If there was no specular term at all, you would see very little.. The specular highlight, even with the fairly weak specular reflection of 0.25, is strong enough to give some definition to the object when seen from various angles. This more accurately shows what a black plastic object might look like.

One thing you may notice is that, if you bring the light close to the surface, the specular area tends to have very sharp edges.

This is part of the nature of specular reflections. If the light is almost perpendicular to the surface, the specular reflection will shine brightest when the light is almost eclipsed by the surface. This creates a strong discontinuity at the point where the light is no longer in view.
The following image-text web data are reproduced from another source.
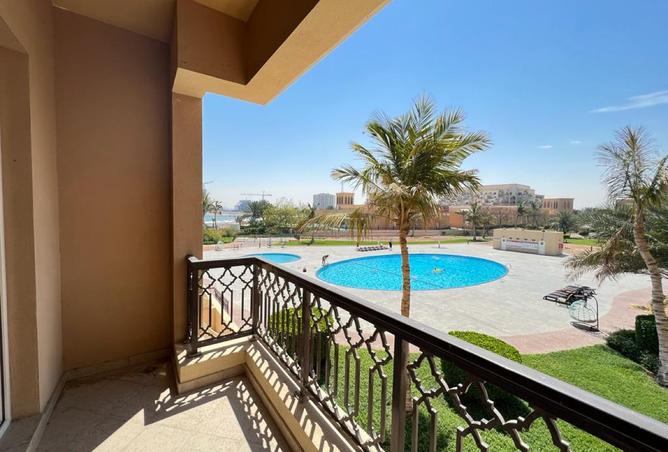 15602970 - صورة العقار 3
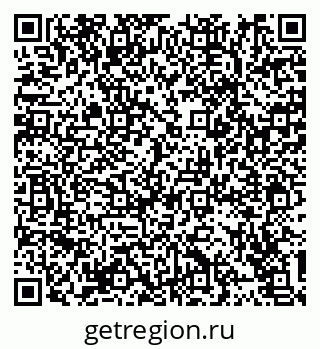 79914397907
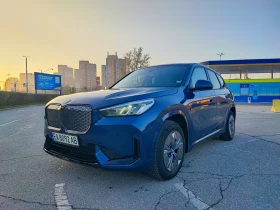 BMW iX1 xDrive30/!!!Наличен!!!/В Гаранция!!!/ПРОМО - 67900 лв. / 34716.72 € - 19293337 7 | Car24.bg BMW iX1 xDrive30/!!!Наличен!!!/В Гаранция!!!/ПРОМО - 67900 лв. / 34716.72 € - 19293337 7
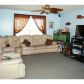 9752 CURLEY RD, Wesley Chapel, FL 33545 ID:1017334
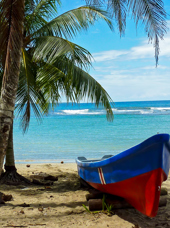 costa rica - puerto viejo de talamanca_strand_02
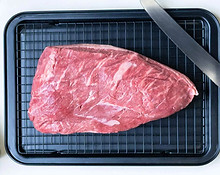 Picanha - Gold label Rioplatense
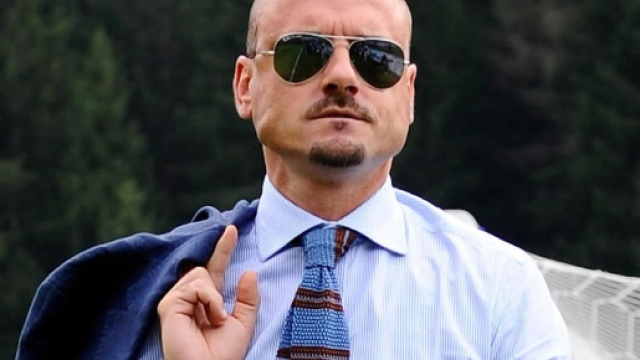 Petrachi : &ldquo;Ora ho capito il Toro e voglio portarlo in Europa. Non ... - torcidagranata.net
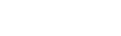 completex icon
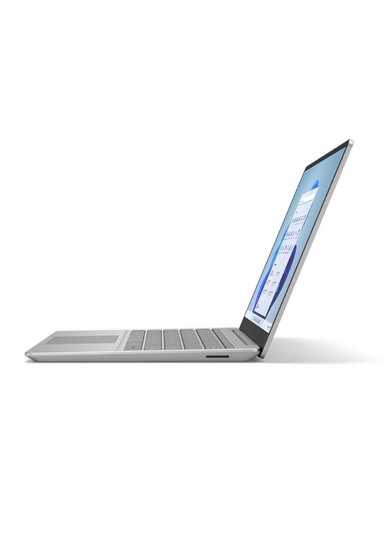 مايكروسوفت سيرفس جو 2، كور اي 5، 128 جيجا، 12.45 بوصة، لمس، بلاتينيوم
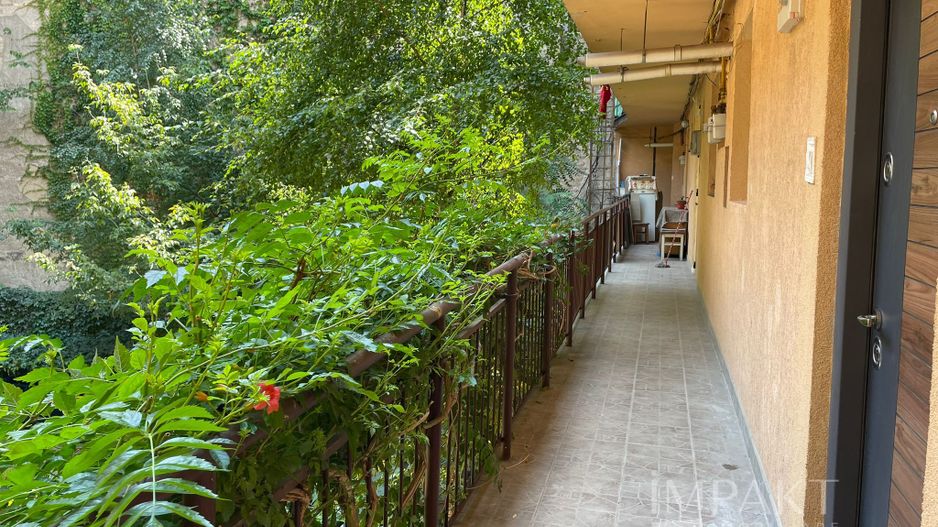 De Vanzare: Apartament cu 2 camere, Semicentral! - Poză 10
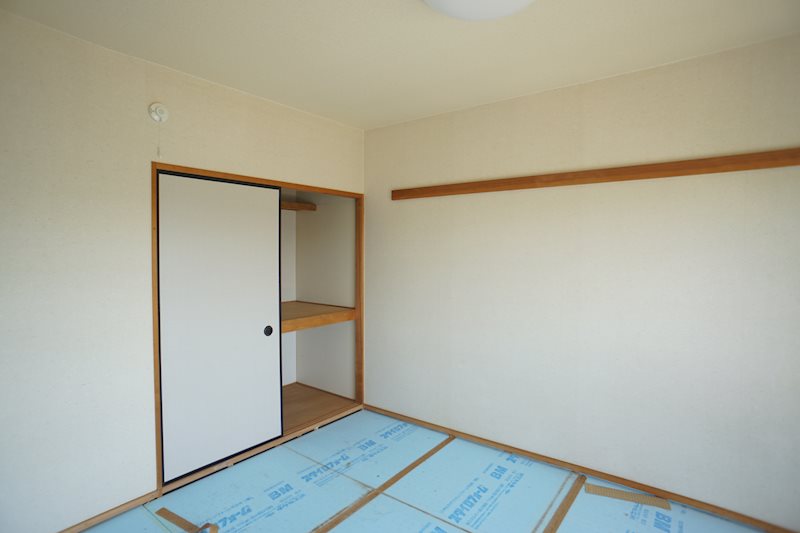 グローリー その他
You generally see this most with rough surfaces (small exponents). With smoother surfaces, this is rarely seen. But this is not the only visual oddity with Phong and having small exponents.

If you drop the exponent down to the minimum value the code will allow, you will see something like this:

This ring area shows one of the main limitations of the Phong model. When trying to depict a surface that is rough but still has specular highlights, the Phong model starts to break down. It will not allow any specular contribution from areas outside of a certain region.

This region comes from the angle between the reflection direction and the view direction. This area is the region where the reflection direction and view direction are more than 90 degrees apart.

Under the microfacet model, there is still some chance that some microfacets are oriented towards the camera, even if reflection direction is pointed sharply away. Thus, there should be at least some specular contribution from those areas. The Phong model cannot allow this, due to how it is computed.

What all this tells us is that Phong works best with larger exponents. Small exponents show its problems and limitations.